In my endeavor to make an open source1 RTS engine capable of playing EA SAGE engine games, such as The Battle for Middle Earth series, I will be reverse engineering the binary files involved2. I intend to outline the structure of such files as I work on them so that anyone else interested doesn’t have to do it all over again and also because there will probably be some things that don’t make sense to me, or I simply can’t find the purpose of. Please feel free to pitch in when such a situation arises. 🙂
.BIG files are storage containers, sometimes holding gigabytes3 of game assets. It is actually a rather simple format that doesn’t compress the files at all4. Here is a screenshot of one of BFME2’s smaller .BIG files in a hex editor:
The file can be split into two parts. First comes the header, which identifies and enumerates all the files contained in the archive. Second comes all the data contained in the files themselves. These are just lumped on one after another with no metadeta in between, so the only part that is really of interest is the header.
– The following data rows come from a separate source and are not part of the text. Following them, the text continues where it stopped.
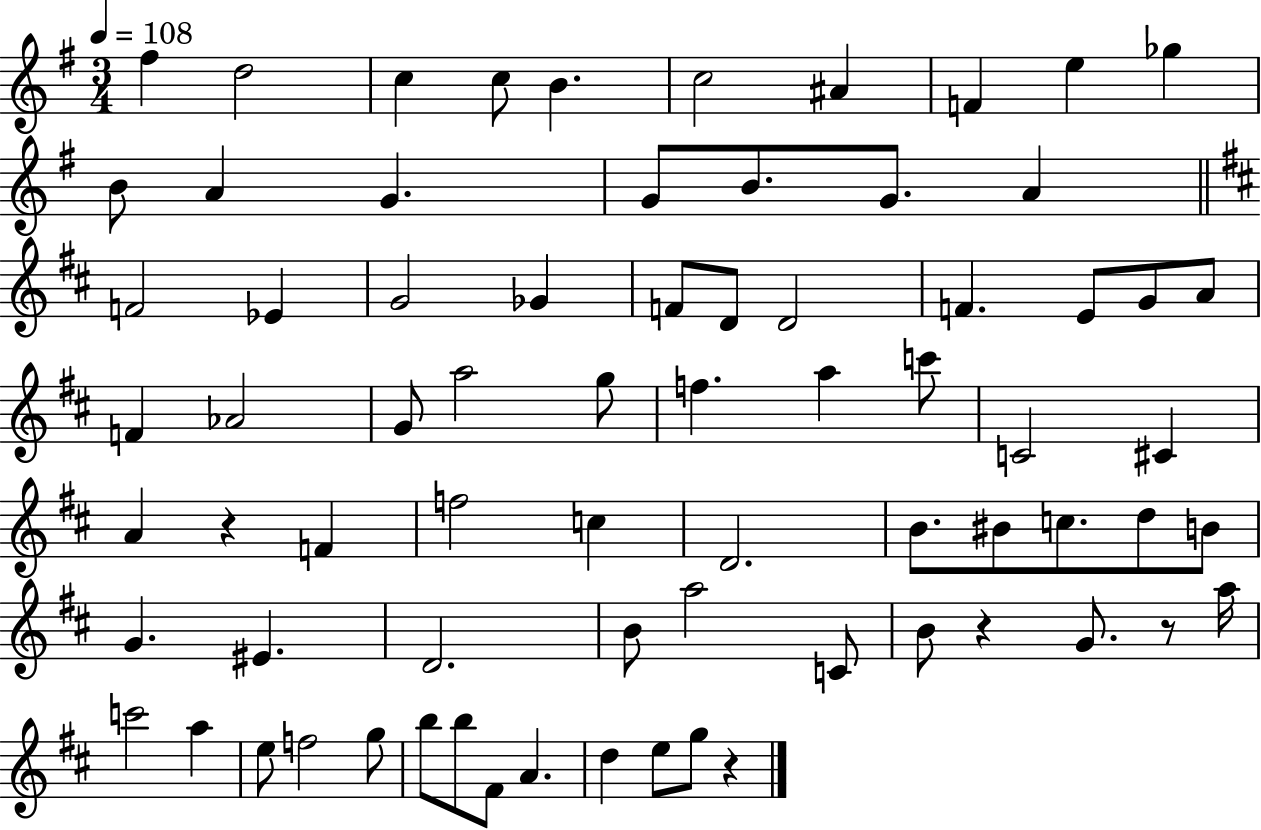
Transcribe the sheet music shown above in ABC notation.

X:1
T:Untitled
M:3/4
L:1/4
K:G
^f d2 c c/2 B c2 ^A F e _g B/2 A G G/2 B/2 G/2 A F2 _E G2 _G F/2 D/2 D2 F E/2 G/2 A/2 F _A2 G/2 a2 g/2 f a c'/2 C2 ^C A z F f2 c D2 B/2 ^B/2 c/2 d/2 B/2 G ^E D2 B/2 a2 C/2 B/2 z G/2 z/2 a/4 c'2 a e/2 f2 g/2 b/2 b/2 ^F/2 A d e/2 g/2 z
The first 4 bytes of the header are really simple. I’ve seen two types, “BIG4” and “BIGF”. All this does is tell you that this is, in fact, a .big file. At the moment I don’t know if there are any differences between the two. The next 4 bytes are the size of the file as a little-endian 32-bit unsigned integer, e.g. 0B 00 00 00 equals 11. All other numbers in the header are big-endian, e.g. 00 00 00 0B equals 11.5 Next comes the number of files contained in the .big file and the address at which the header ends.
After this come the individual file descriptors. These consist of 4 bytes for the address in the archive at which the file data starts6, 4 bytes holding the length of the file7, and a null terminated string for the file path. Immediately after the termination character of the string comes the next entry. After the last entry there is 4 bytes of text in the form of “LXXX”, where XXX is some number or other, usually 200 something. After that it’s just null data for the rest of the header8.
The rest of the file then should be raw file data, with each file entry in the header owning the data between its start addresses and its start address + it’s length, including the byte at the start address. As already stated there is no metadeta, and the files are typically lumped one after the other. As such the start address + the length of one file is typically the start address of the next.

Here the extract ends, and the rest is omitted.